PROBLEM:
Your answer must be exactly the lines from the one containing "Apple AirPods 1st" through the end of the material, both ends included, without pictures.

SUPPLIED MATERIAL:
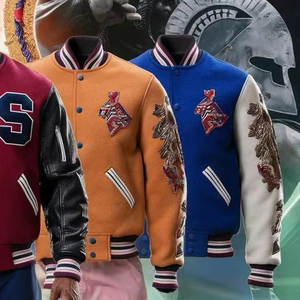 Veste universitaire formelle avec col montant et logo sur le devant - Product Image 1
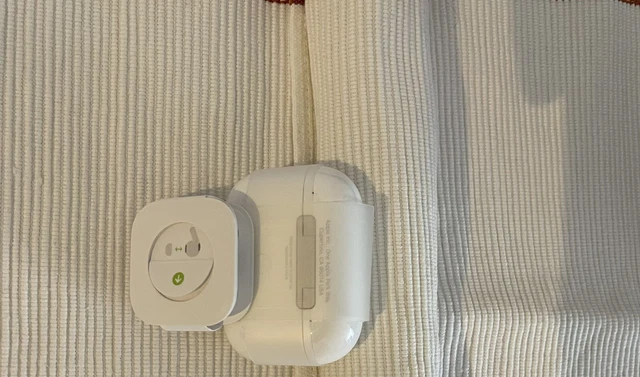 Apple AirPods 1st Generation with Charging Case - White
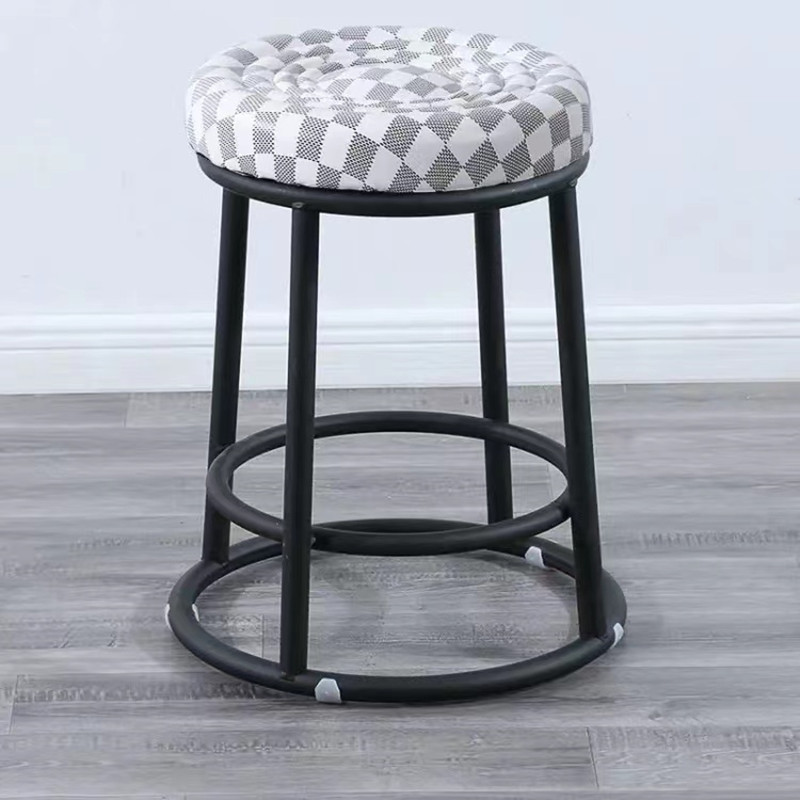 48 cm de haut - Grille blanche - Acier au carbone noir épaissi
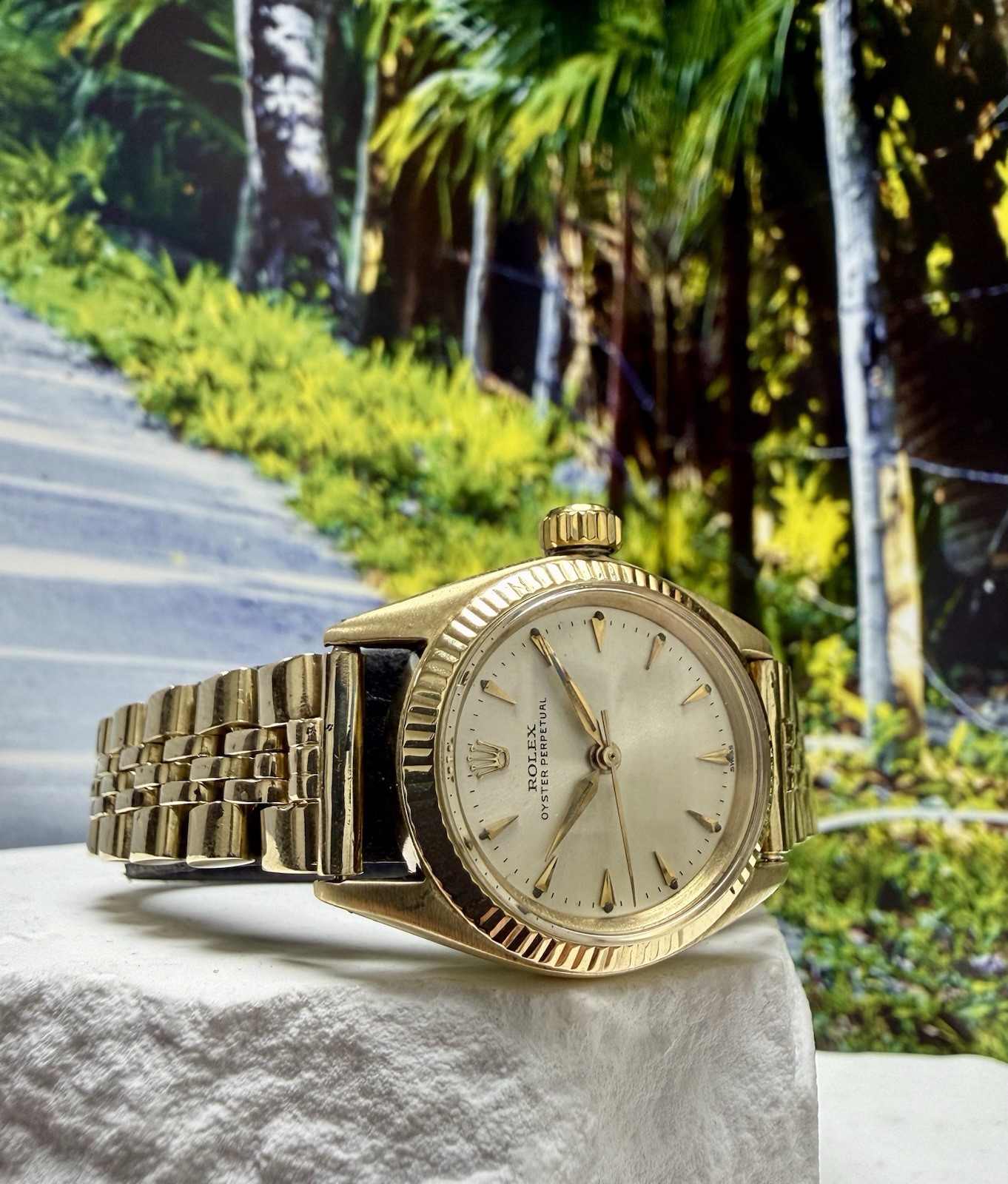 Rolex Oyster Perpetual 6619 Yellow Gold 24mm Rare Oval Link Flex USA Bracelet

SOLUTION FOR THIS TASK:
 Apple AirPods 1st Generation with Charging Case - White
 48 cm de haut - Grille blanche - Acier au carbone noir épaissi
 Rolex Oyster Perpetual 6619 Yellow Gold 24mm Rare Oval Link Flex USA Bracelet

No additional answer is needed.